Hannah was in deep anguish, crying bitterly as she prayed to the Lord. And she made this vow: “O Lord of Heaven’s Armies, if you will look upon my sorrow and answer my prayer and give me a son, then I will give him back to you. He will be yours for his entire lifetime, and as a sign that he has been dedicated to the Lord, his hair will never be cut.”
(1 Samuel 1:10-11)
Hannah had good reason to feel discouraged and bitter. She was unable to bear children; she shared her husband with a woman who ridiculed her (1:7); her loving husband could not solve her problem (1:8); and even the high priest misunderstood her motives (1:14). But instead of retaliating or giving up hope, Hannah prayed. She brought her problem honestly before God.
We may face times of barrenness when nothing “comes to birth” in our work, service, or relationships. Praying in faith can be difficult when we feel so ineffective. But, as Hannah discovered, prayer opens the way for God to work (1:19-20).

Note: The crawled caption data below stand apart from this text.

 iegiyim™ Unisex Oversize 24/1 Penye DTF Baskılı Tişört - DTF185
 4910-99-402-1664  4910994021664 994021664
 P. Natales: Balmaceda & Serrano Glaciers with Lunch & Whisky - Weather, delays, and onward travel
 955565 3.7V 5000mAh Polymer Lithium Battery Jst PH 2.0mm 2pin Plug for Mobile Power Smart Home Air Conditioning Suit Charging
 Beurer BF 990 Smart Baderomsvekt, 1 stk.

Hannah so desperately wanted a child that she was willing to strike a bargain with God. God took her up on her promise, and to Hannah’s credit, she did her part, even though it was painful (1:27-28).

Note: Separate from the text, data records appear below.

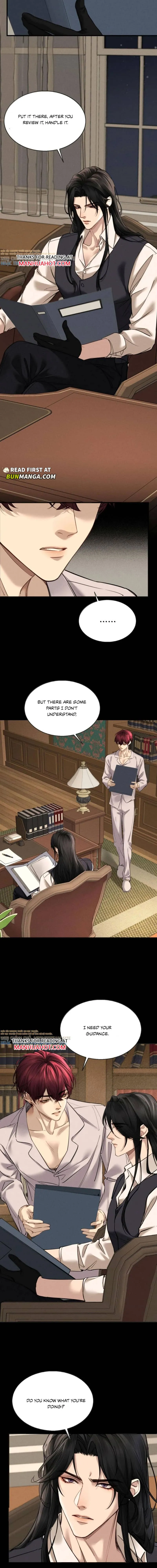 I Won’t Resign to Be Tamed by My Enemy Uncle Chapter 27 page 6 - 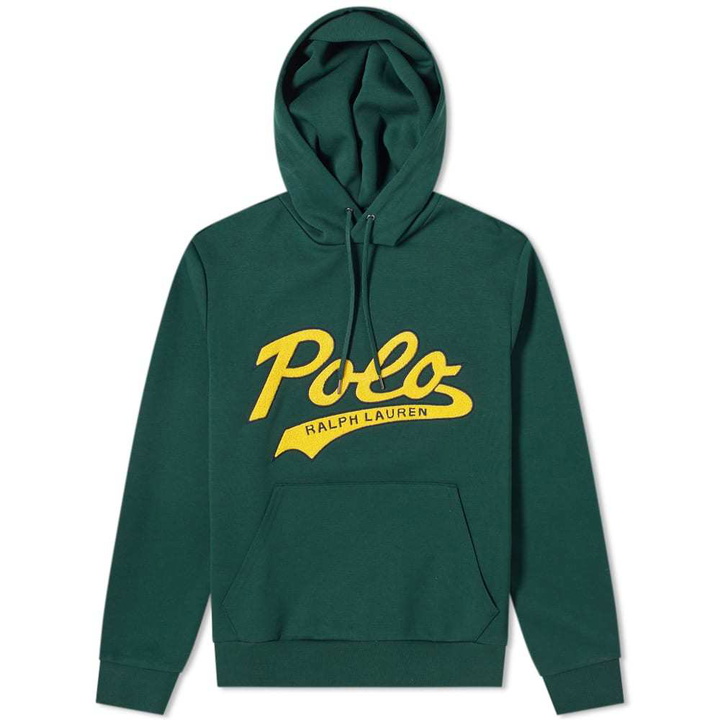 Photo: Polo Ralph Lauren Applique Popover Hoody College Green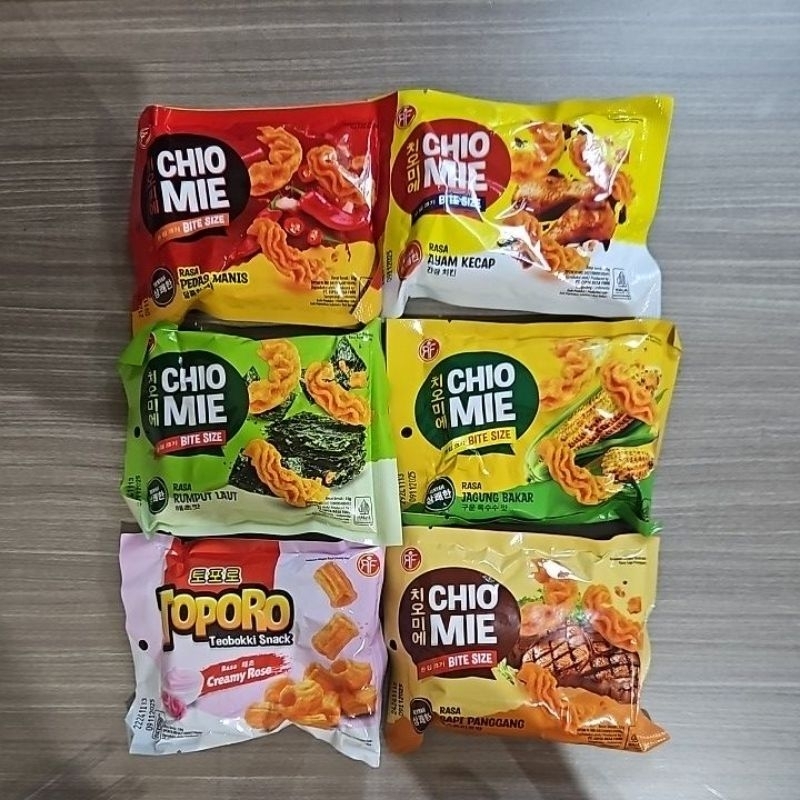 

CHIO MIE 1pak isi 10bungkus rasa sama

Although we are not in a position to barter with God, he may still choose to answer a prayer that has an attached promise. When you pray, ask yourself, “Will I follow through on any promises I make to God if he grants my request?” God keeps his promises, and he expects you to keep yours.
Do you feel desperate—like Hannah, pleading with God for an answer? Keep praying . . . and pleading. God hears, and he loves and will answer. In the meantime, thank him for his answers and keep faithfully serving him.